Per chi volesse approfondire questo dibattito e l’impatto che ha avuto sui principali filoni di letteratura di management insegnati nelle Business School vi rimando al capitolo 8 del mio libro “Strategia d’Impresa”. Ma non è questo il punto.
Il dilemma dell’open innovation
Oggi, parlando di Innovazione e specificatamente di Open Innovation, mi sembra che siamo tornati ad una guerra tra “fazioni”. In questo caso, non più due, ma ben tre. A Strategia ed Organizzazione si è aggiunta la Cultura. In estrema (ovviamente semplificata) sintesi:
⏩ Reinterpretando il pensiero di Peter Drucker, “Culture eats Strategy for breakfast”.
⏩ Però Safi Bahcall ha recentemente rilanciato sostenendo che “Culture eats Strategy for breakfast but Structure eats Culture for lunch”.
Il dubbio sorge spontaneo: Chi sta mangiando cosa? O, in altri termini, che cosa previene le grandi aziende dall’innovare ed aprirsi a contributi esterni?
⏩ Ralph-Christian Ohr, amico di lunga data e parte del Judging Committee di Corporate Startup Stars, raccomanda di non cercare di cambiare la cultura per modificare la cultura aziendale dato che quest’ultima è ampiamente condizionata dalla organizational structure. Quindi suggerisce di partire a lavorare sull’organizzazione.
⏩ Maija Palmer, ex Editor di Sifted e ora a Global Corporate Venturing, da buona giornalista sintetizza la vicenda con un: “Forget Culture. Forget Strategy. Let’s talk Structure”.
Struttura organizzativa e strategia: quale ruolo?

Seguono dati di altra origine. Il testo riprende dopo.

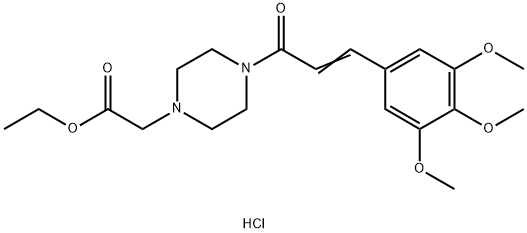 (E)-4-(3,4,5-三甲氧基肉桂酰基)-1-哌嗪乙酸盐酸盐, 24446-37-5, 结构式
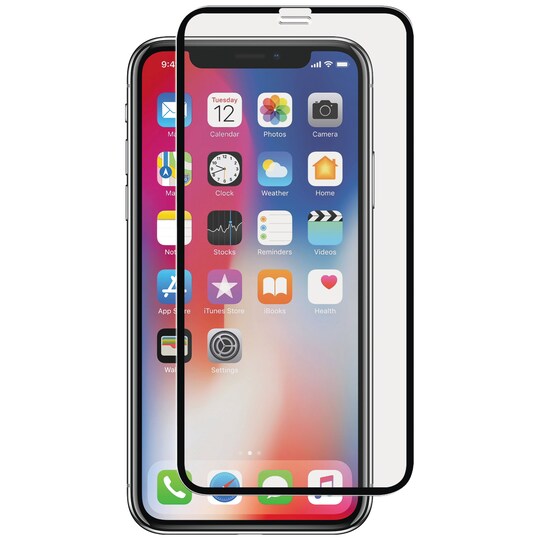 Panzer Curved Silicate skjermbeskytter til iPhone X/Xs/11 Pro (sort)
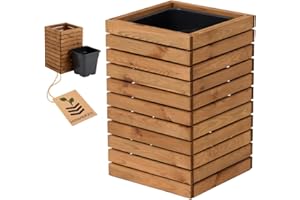 HOMERZO Jardinière pour l'intérieur et l'extérieur - En bois avec insert en plastique - 18 l - Pot de fleurs carré pour balcon ou terrasse (36 x 36 cm x 55)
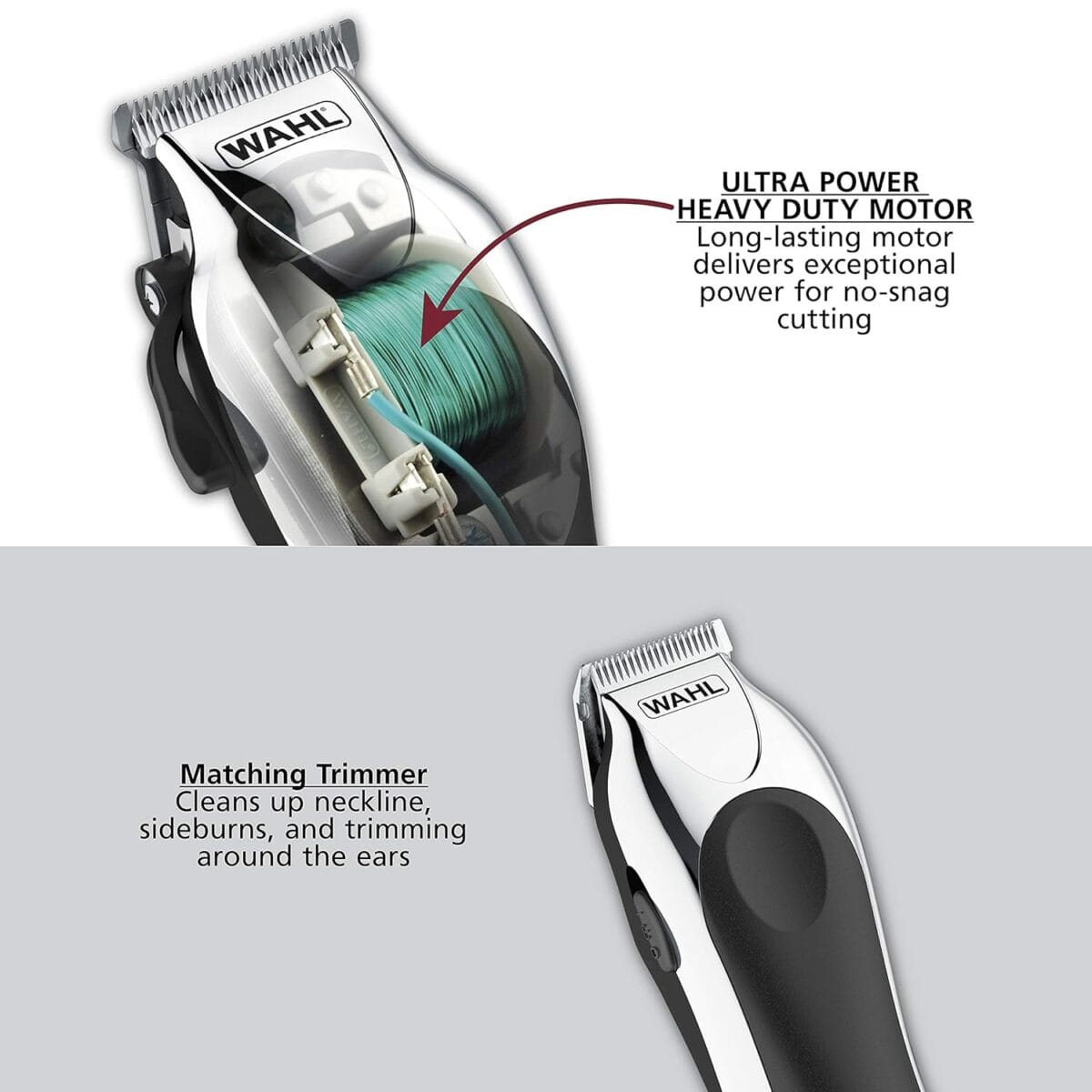 Wahl Clipper USA Deluxe Corded Chrome Pro, Complete Hair and Trimming Kit, Includes Corded Clipper, Cordless Battery Trimmer, and Styling Shears, for a Cut Every Time – Model 79524-5201M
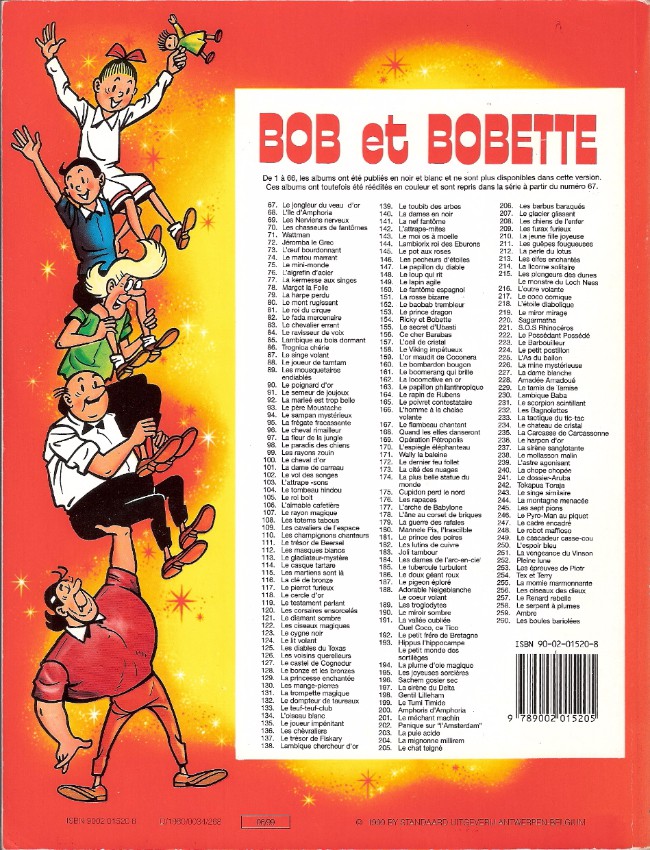 Verso de l'album Bob et Bobette Tome 180 Manneken Pis, l'irascible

Quindi sembrerebbe che dovremmo lasciare perdere ogni tentativo di cambiare la cultura aziendale e focalizzarsi “solo” sulla struttura organizzativa. Che ruolo ha quindi la strategia? E, soprattutto, chi lo dice a Chandler? Un terzetto incoerente?
Oggi sono in vena di citazioni e ammetto che citare in sequenza Annalisa e Tommaso Padoa-Schioppa potrebbe suonare un poco irriverente.
Nel dubbio lascio i miei 3 cents (visto che tre è il numero del giorno).
1) L’ ho sempre detto e non mi convinco del contrario: se nelle aziende succede qualcosa è perché c’è “Top Level Buy-In”.
Nulla succede se l’Innovazione non è al centro dello Strategia. Davvero e non solo sulla carta, quindi con pieno e convinto supporto del CEO. Senza questo rimane un dibattito puramente accademico (destinato a sfociare in fiumi di paper, ma in poca sostanza)
2) Se la Cultura non cambia, è difficile che l’Innovazione possa scalare in azienda in termini di risultati.
Quindi programmi come l’Intrapreneurship, le Tech Missions, i Bootcamps, gli Hackathon sono molto utili. Il problema è che la cultura evolve su tempi lunghi. Quindi, riprendendo la provocazione di Ralph-Christian Ohr, meglio partire subito a provare a cambiare la cultura ma senza aspettarsi però risultati overnight.
3) L’Organizzazione (e con essa ruoli, processi, incentivi,…) resta un gigantesco ostacolo all’Innovazione e al Cambiamento in genere.
Serve quindi, a livello organizzativo, dare all’Innovazione un ruolo visibile e rilevante (le migliori aziende hanno un C-level dedicato e una unità di Open Innovation). Se no, il messaggio che passa è che l’Innovazione non è importante. Il tutto va accompagnato con una struttura di incentivi.
Se le azioni di Innovazione non impattano sui compensi delle persone, nessuno alla fine muoverà un dito e continuerà a fare quello che ha sempre fatto.
Tutte queste cose però succedono solo se l’Amministratore Delegato è veramente convinto a farle succedere e spinge con tutte le sue forze (cosa non semplice perché ci saranno un sacco di sacche di resistenza). Ho visto caderne due che ci avevano provato. Crisi di rigetto.
Facile? No.
Necessario? Sì.
D’altronde, qual è l’alternativa? “Evolve or be extinct” come siamo soliti dire a Mind the Bridge (e per non dimenticarcelo ce lo siamo scritti sulla maglietta).